▶ _TASK ITEM_:
When writing out the entries below, keep only the lines from the line with "Last but not" to the line with "Like what you", both included, exactly as they are, and leave the pictures aside.

>>

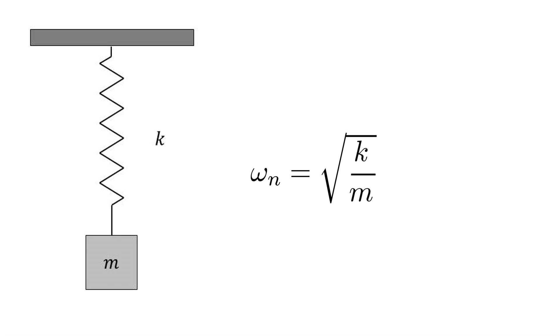Notice how the natural frequency changes as mass and spring stiffness are varied.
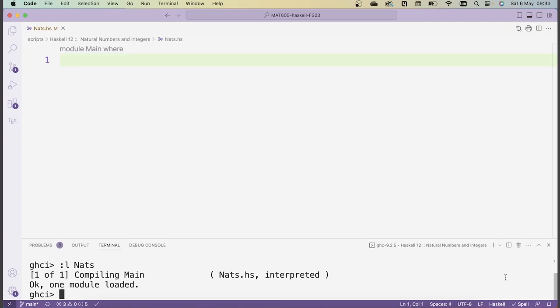Welcome. In this video, I'll be showing you how we can use type classes to extend the functionality of the natural numbers we coded a couple videos back. For example, we'll be making these natural numbers an instance of the type class Num. This means that we can use the usual arithmetic operations of plus and times and so on — the usual operators — in order to compute with the natural numbers.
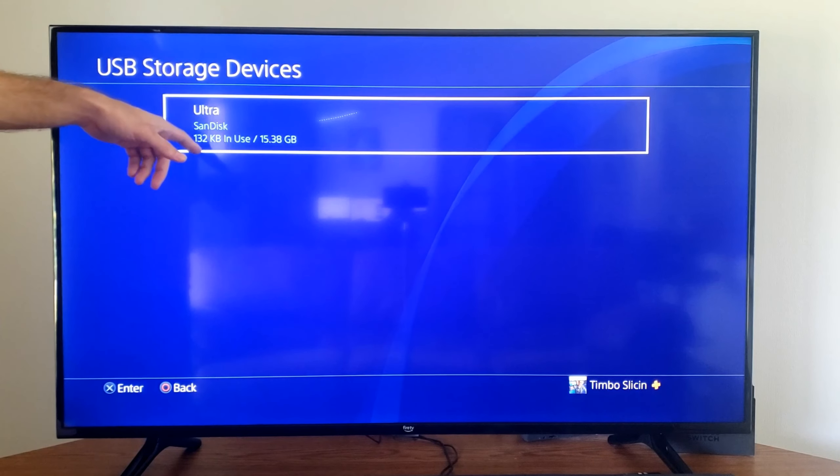Now I'm going to select this and press options. Then I'm going to go to format as exFAT, and this will delete all the data off it. So if there is anything on your USB device that you want, make sure you go ahead and copy it over somewhere on your computer.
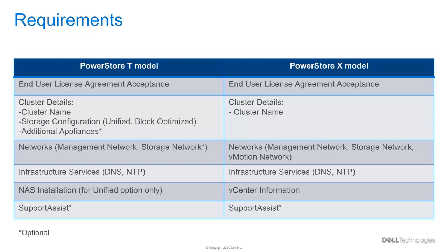This table shows the requirements that an administrator needs in order to configure each type of the PowerStore. Please take some time to review these requirements.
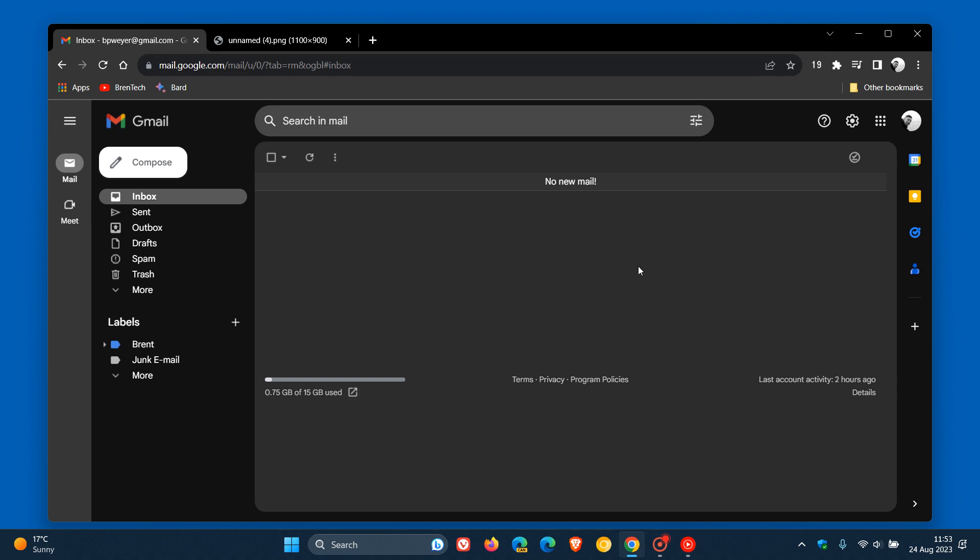The second sensitive action is forwarding - when adding a new forwarding address from the forwarding and POP/IMAP settings.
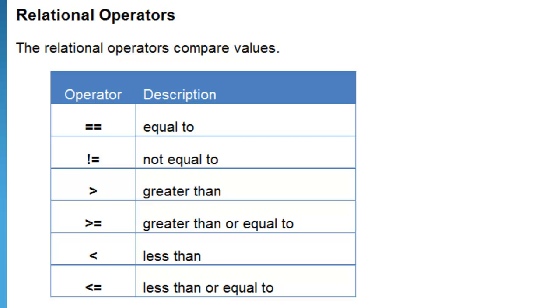Okay, let's discuss the Java relational operators. The relational operators basically compare values. Here are the operators: equals equals is used to compare the equality of values.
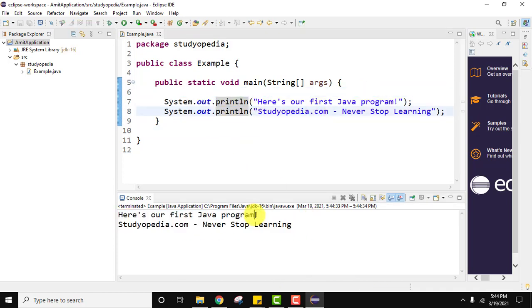So guys, in this video we saw how we can easily create a new Java 16 project, how to create a new Java package, and a new Java 16 class file. We also ran that Java 16 project. Before that, at the beginning, we saw how to add JDK 16 to our Eclipse IDE installed JREs. Thank you for watching the video — if you liked it, do subscribe to our channel AmitThings.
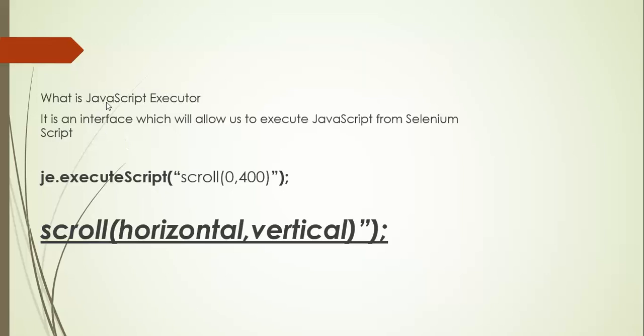So what exactly is this? This is an interface which will allow you to execute JavaScript in a Selenium script. This scroll method will take two arguments - the first argument will scroll horizontally and the second argument will scroll vertically.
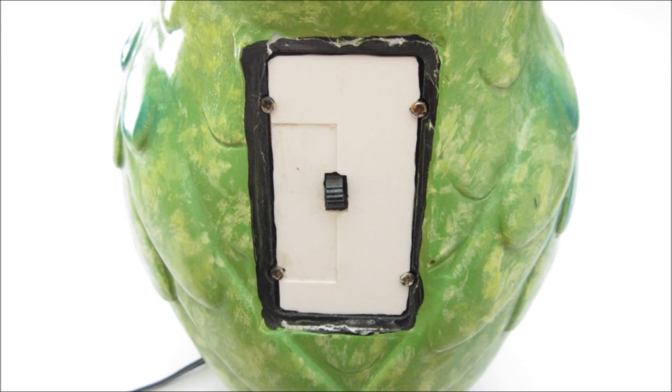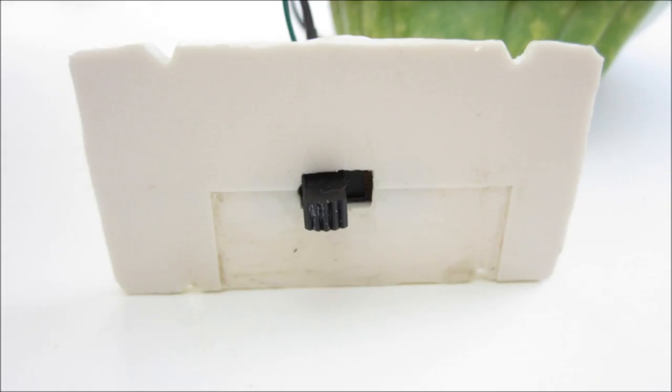To cover up the hole in the back of the owl, I took a small piece of scrap plastic and cut it to fit the opening. I cut a small slot in the center for the switch and notches in each side for the screws.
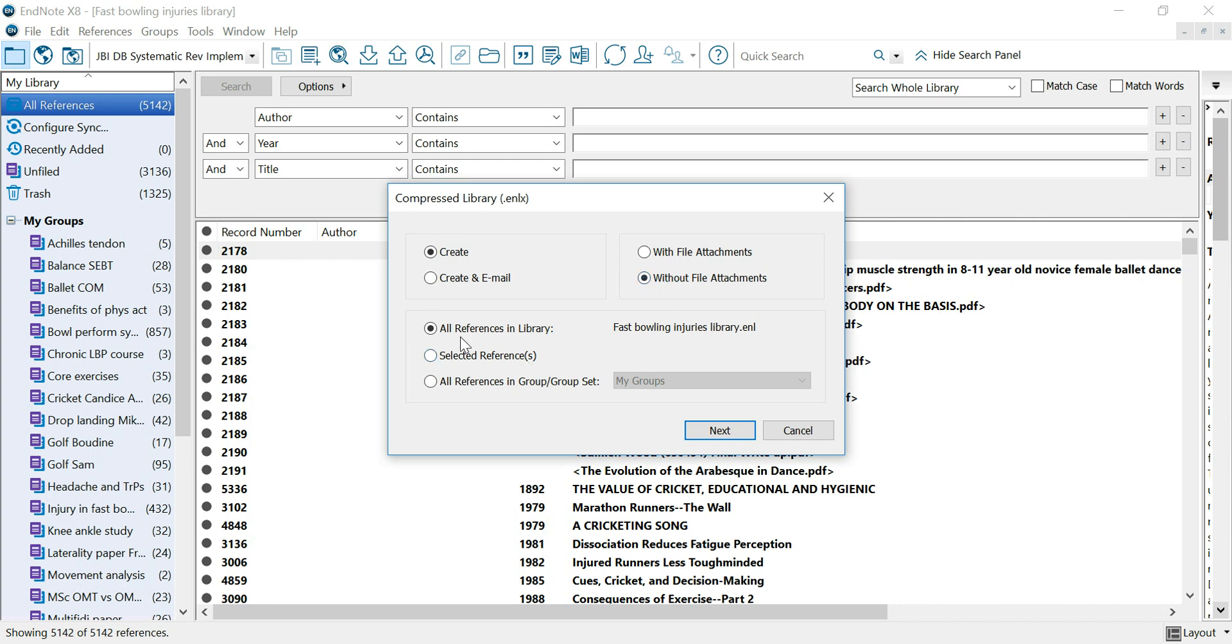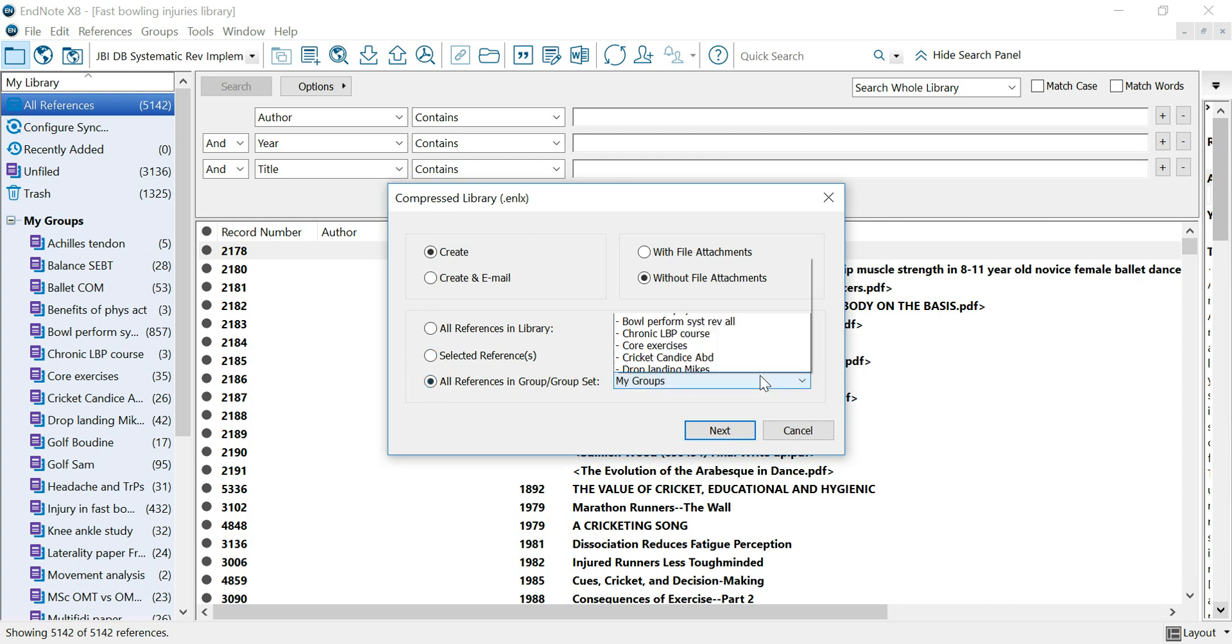Here you can send all references in a library or selected references. To use this option you have to highlight a couple of references before you go to the compressed library option, or all references in a specific group.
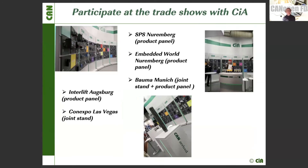Last but not least is our service where you can participate with us at trade shows worldwide. We are very glad that trade shows can take place again after the long period of the Corona crisis. You can participate by showing your CAN-related product on our display walls, as seen in the pictures, or as a co-exhibitor at some trade shows.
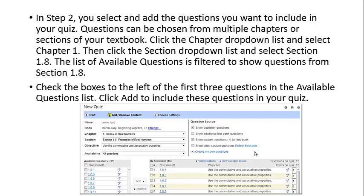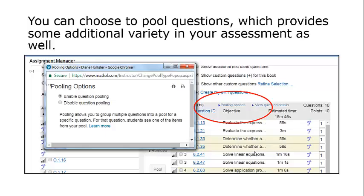Check the boxes on the left of the first three questions in the available questions. Click Add to include them in your quiz. You can also choose to pool questions, which provides some additional variety in your assessment as well.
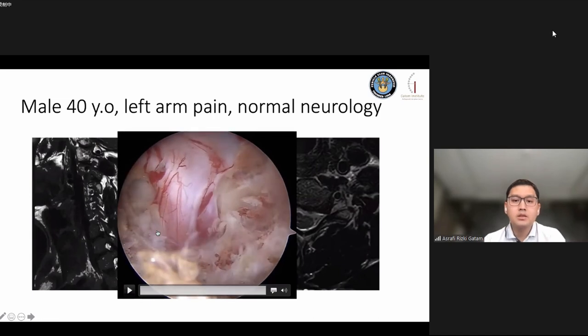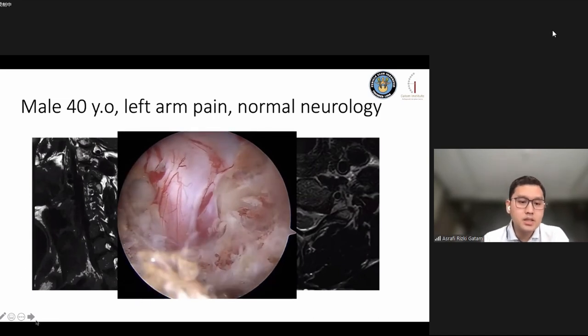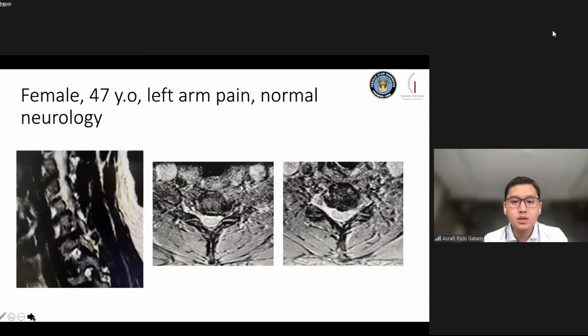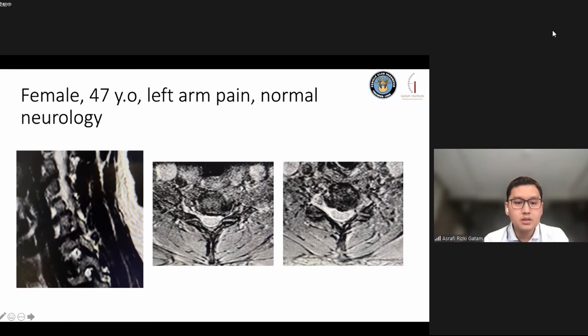The space available for discectomy is very small, so we drill out a small part of the superior pedicle to access the intervertebral disc. Using a dissector, the disc herniation is removed. The disc herniation in the cervical spine is actually quite small compared to the lumbar spine.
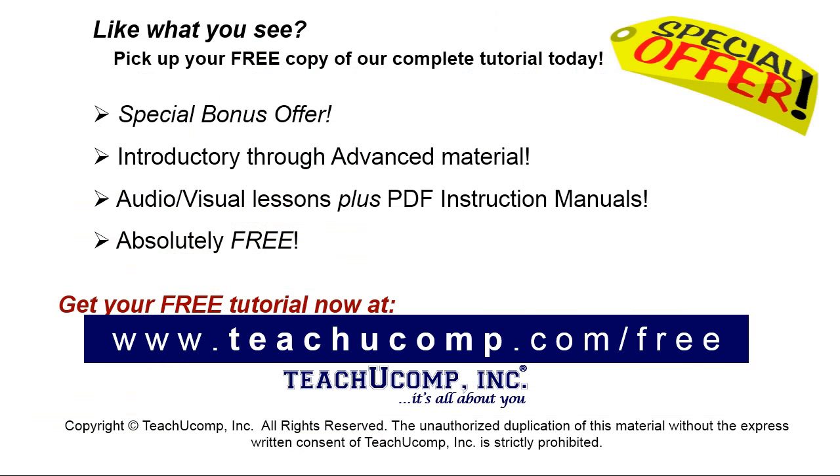Like what you see? Pick up your free copy of the complete tutorial at www.teachucomp.com forward slash free.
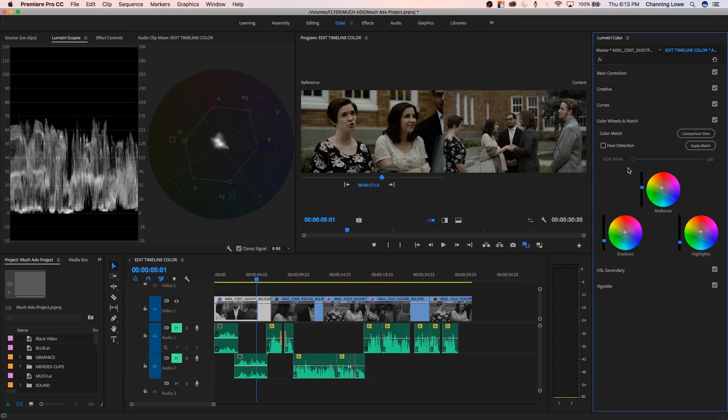So as future updates come, I'm sure they'll be working on this and making it better and better as time goes by. Right now, especially the reference monitor is a really helpful addition to the Lumetri color panel and color grading altogether. If you have any questions, please post them. And thank you for watching.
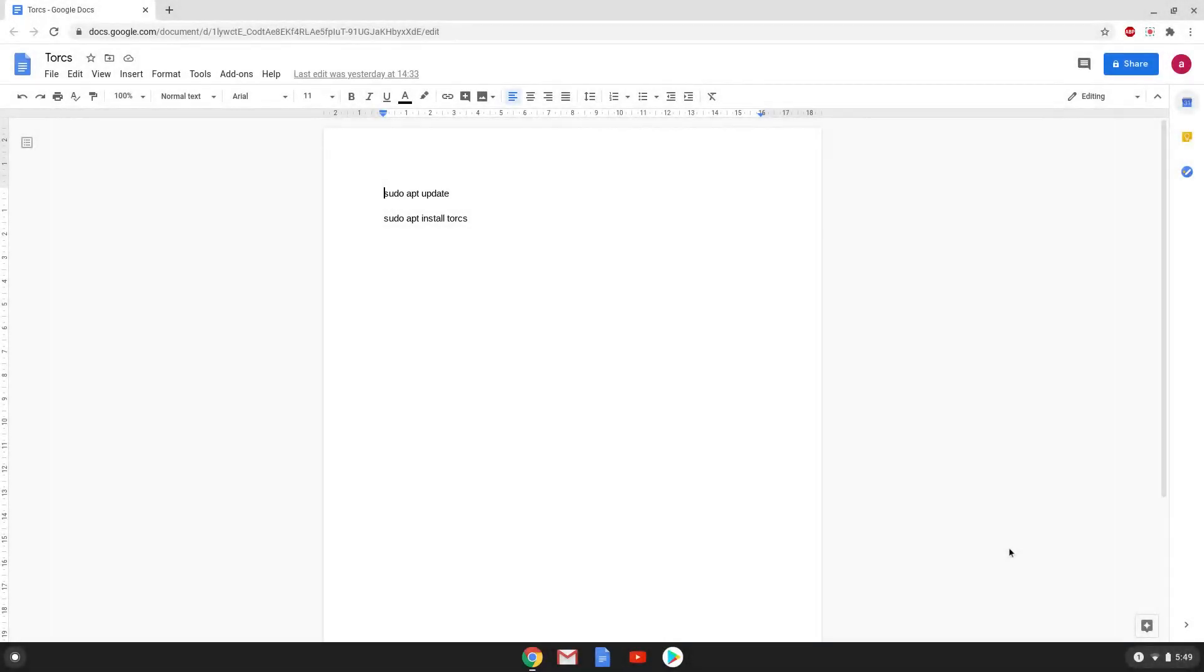Hello. Today we are looking at how to install Torx, a 3D racing game, on a Chromebook.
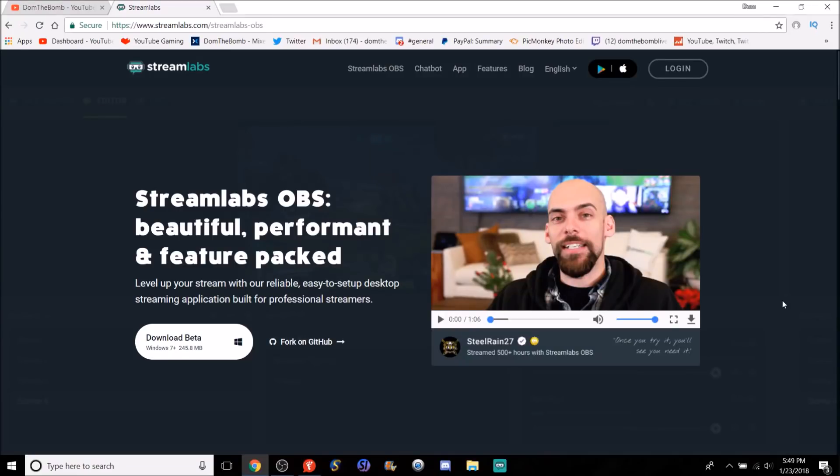Ladies and gentlemen, welcome back to the channel. We're back for another recording and live streaming tutorial. Today I'm going to be teaching you guys how to use Streamlabs OBS, a new desktop application that Streamlabs themselves have added, basically integrating Streamlabs with OBS together in an all-in-one experience.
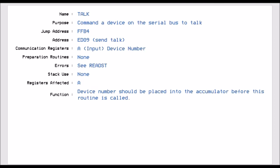Talk, well that's just like the same with listen, but what you're doing is you're commanding a device to talk to you, the computer, using Jump Vector FFB4. You set the accumulator to be the device number, and this allows you to tell that device, right, talk to us. And so then you would have the input channel set open and everything.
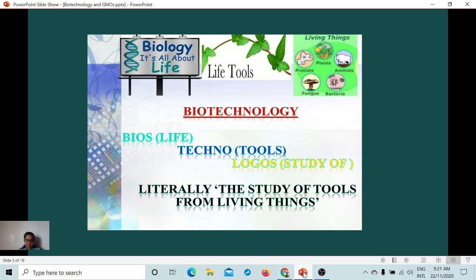In 1983, genetically modified foods were approved for human consumption. The Food and Drug Administration approved developing genetically modified foods for human consumption, and they would be available commercially. In 1994, the first GMO food — the Flavr Savr tomato — became available in the markets. But a few years later, production was stopped due to many issues and concerns regarding health.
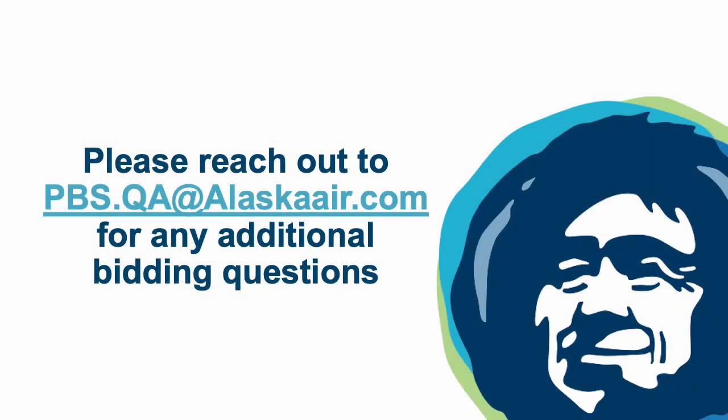If you have any additional questions, please reach out to pbs.qa at alaskaair.com. Thank you.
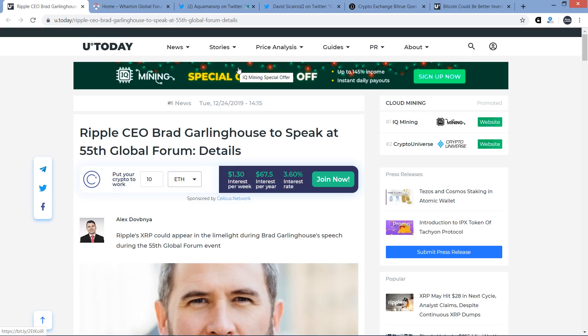Hello, this is Matt on the Moon Lambeau channel. Ripple CEO Brad Garlinghouse set for a major speech just a few months from now. It's going to be coming up in March.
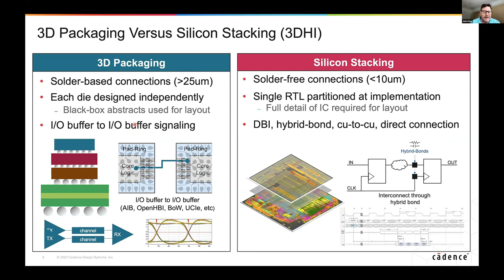On the left-hand side, we typically have solder-based connections — micro bumps — where each die is designed independently and then the package designer stacks them together and validates that it functionally and thermally works, using a signal integrity tool for buffer-to-buffer signaling just like on a PCB. There are standards out there; probably the one with the most attention is UCIE, but there's also BOW and HBI. It's similar to how a board designer works with a PCI or DDR interface — a different type of interface, but something MCM designers have known how to do for a long time.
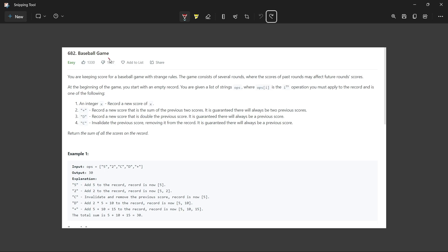Hello everyone, today we are going to solve Baseball Game, an easy level problem. We have to keep a score of a baseball game with some rules. The rules consist of several rounds where the score of past rounds may affect future ones. An operation can be an integer X to create a new score, or a plus to record a new score that is the sum of the previous two scores — it is guaranteed that two previous scores will exist.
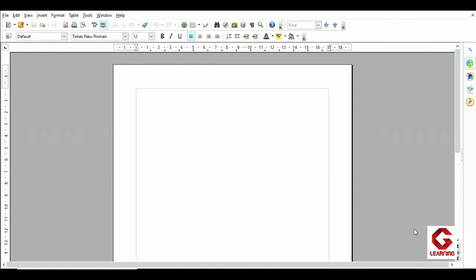Now I am moving to OpenOffice Writer software. Here I have opened one blank document. First of all, I am going to prepare one template by using a document. You have to open a blank document first, and after opening it, whatever content you want to include in your template, include that entire content in the document.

<<

▶ _SOLUTION FOR THIS EXERCISE_:
Last but not least is our service where you can participate with us at trade shows worldwide. We are very glad that trade shows can take place again after the long period of the Corona crisis. You can participate by showing your CAN-related product on our display walls, as seen in the pictures, or as a co-exhibitor at some trade shows.
Check the boxes on the left of the first three questions in the available questions. Click Add to include them in your quiz. You can also choose to pool questions, which provides some additional variety in your assessment as well.
The space available for discectomy is very small, so we drill out a small part of the superior pedicle to access the intervertebral disc. Using a dissector, the disc herniation is removed. The disc herniation in the cervical spine is actually quite small compared to the lumbar spine.
Like what you see? Pick up your free copy of the complete tutorial at www.teachucomp.com forward slash free.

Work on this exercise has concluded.